Ever since we brought her home, Shelby has been the focus of my mom’s attention. Ma talks and sings little songs of love to the baby, telling her over and over how beautiful she is. Shelby smiles joyfully back the whole time.
“You’re so sweet and pretty and clean. I love to kiss you. I love you. La, la, la, la, la, la, la, la, la, la, la, la, la, la.” Kiss, kiss, kiss, kiss.
One by one, our cats have had to give way to this blue-eyed, brown-haired smiling baby girl and they’re not happy about it. “Gramma’s lap is supposed to be our territory! Who does this interloper think she is, anyway?” Archie the elder isn’t quite as concerned as the younger kitties. A lap is a lap is a lap. He just climbs up and settles down for a long afternoon nap. The others watch from across the room, murmuring amongst themselves. Ma pays no attention to their grumblings. Her focus is completely on baby Shelby.
“You’re such a pretty girl. So sweet. La, la, la, la, la, la, la. My dolly is such a little dolly. You look a little scared. Don’t be scared. Gramma is not gonna let anything happen to you. I wanna give you kissies on your cheeks. You’re my dolly. My sweet little girl. I’ve got a little girl. She is mine, all the time,” whispers my mom in her sing-song voice.
When Shelby first arrived, I was a little surprised at how quickly and how deeply my mom became attached to her. She fell in love with her at first sight and has only grown more in love each day. I wasn’t sure how she’d feel about a baby, but I was willing to take a chance. I desperately needed an answer to Ma’s perpetual question, “Where’s the baby?” Now I simply fetch Shelby from whatever place she reposes and present her to my mom, saying, “Here. Here’s the baby.” Now we’re both happy.

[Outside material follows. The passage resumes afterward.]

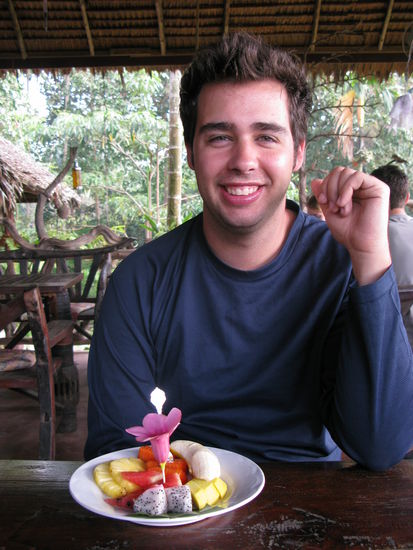 ... noch mueder; die Augen sind schon fast sooo klein wie bei den Thailaendern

Shelby is a true blessing. My mom needed someone of her own to hug and hold and love, and I needed some practical help with my mom. Shelby meets our needs. You see, it’s all a matter of perspective.
My mom has Alzheimer’s Disease. She is generally confused, disoriented, and unable to process more than the simplest information. Her attention span is very short. Yet she needs someone to love just as you and I do. The difference is that she is no longer able to maintain responsibility for those she loves.
This is where Shelby comes in. Shelby is a doll. We brought her home from the online Alzheimer’s Store (www.alzstore.com) in time for Christmas. My mom knows that Shelby is a doll. She is not crazy. But she loves her as though she is real. Doll therapy provides comfort, focus, and a great deal of simple pleasure for my mom. Every time my mom looks into Shelby’s lifelike eyes, she sees love reflected there. That’s the gift of God. That’s the blessing. And that’s real. It’s just a matter of perspective.